KLUSTERFUCK Review in the ODT By Franky Strachan 18/8/11

Kluster****. Sam Ovens, Nathan Forbes and Ant Scarer. 

Hope, comfort, and censorship; just three ideas that Ovens, Forbes and Scarer willingly stomp upon.

This is commendable, however, since these astute Dunedin artists demonstrate insight and wit rather than prosaic discontent disguised as rebellion.

Ovens uses the pop aesthetic to express socio-political commentaries.
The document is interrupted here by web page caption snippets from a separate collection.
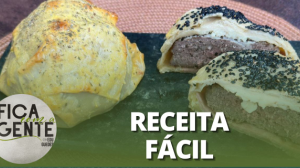 Hamburgão com massa de pastel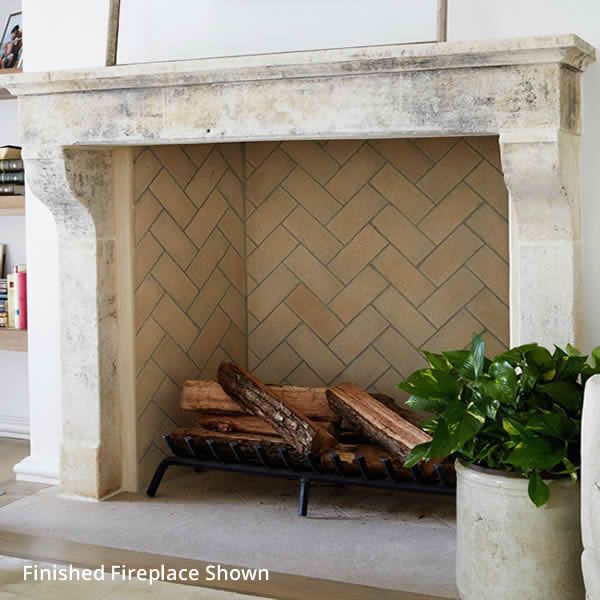 Engineered Rumford Style Masonry Fireplace System - 42"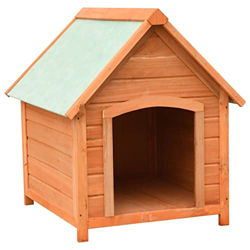 Marrón y Verde Caseta para Perros Madera Maciza de Pino y Abeto 72x85x82 cmProductos para Mascotas Productos para Mascotas Productos para Perros Caset características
The audacious, commercial colours deliberately demoralise his subject-matter, while the gestures, text and humour keep us fixated.

We Are Devoid is a sprightly print which appropriates the “Energy Dome” trademark of subversive band Devo with the parliamentary Beehive, so as to (somehow charmingly) debase our ostensibly “devolving” politicians.
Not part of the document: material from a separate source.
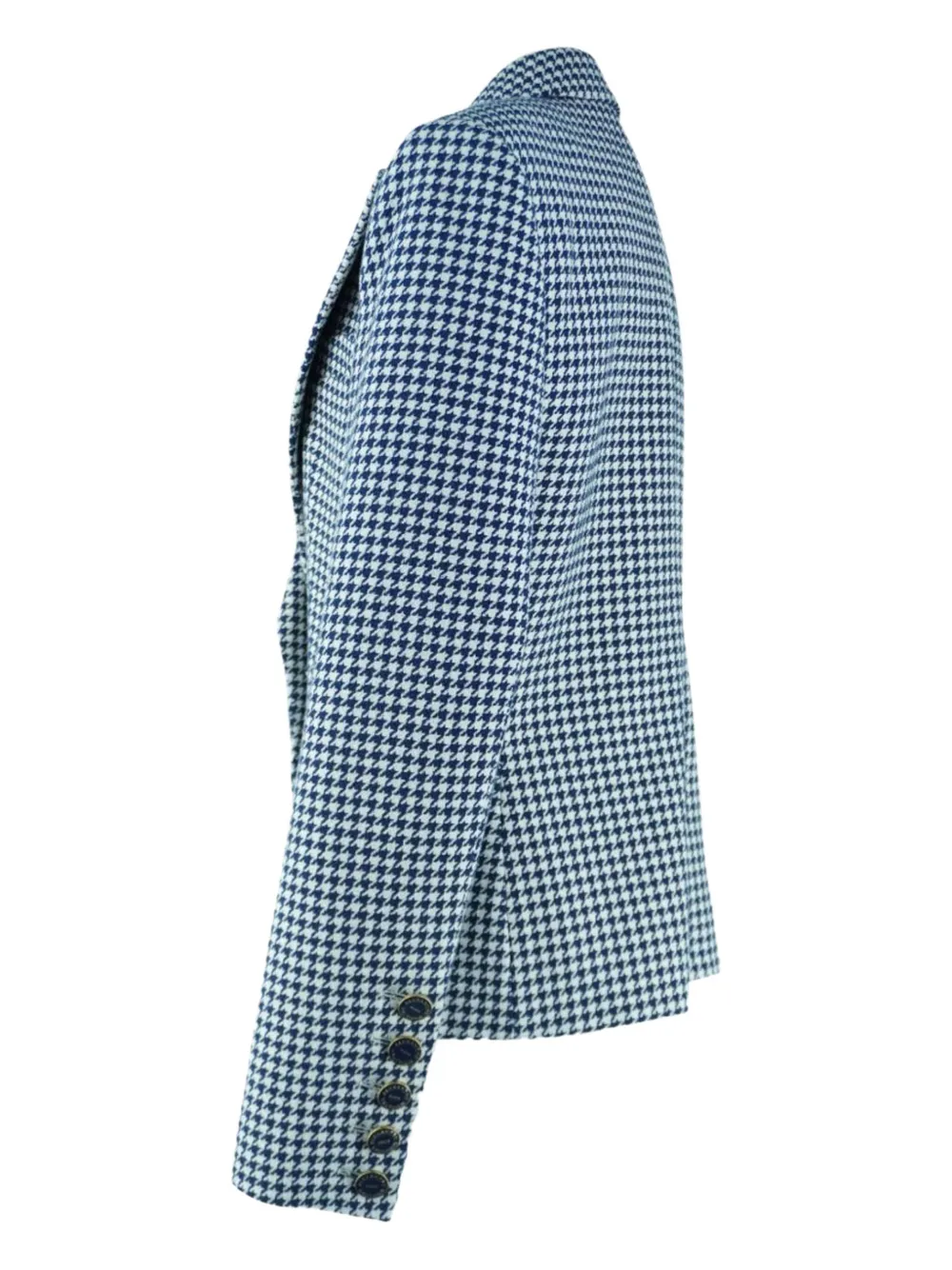 ALEXANDRE VAUTHIER Pre-owned Houndstooth-pattern Blazer In Blue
Forbes, a second-year art student, uses clarity of form and immaculate brushwork to describe Lynchian horror scenes.

His narrative compositions cleanly describe an immensely disturbing part of human potential; the threat of brutal, instinctual violence from the minds of superficially prototypical children. Chucky meets The Shining in these challenging, yet disconcertingly appealing pieces.

Screaming inaudibly in the corner, Scarer has disgorged the mind of a graphic artist on multiple pieces of A4 paper. Fearsome and comical, these images of corpses, skulls, vamps and cars engage the eye with quick, descriptive lines which, when accumulated, form masses of animated details.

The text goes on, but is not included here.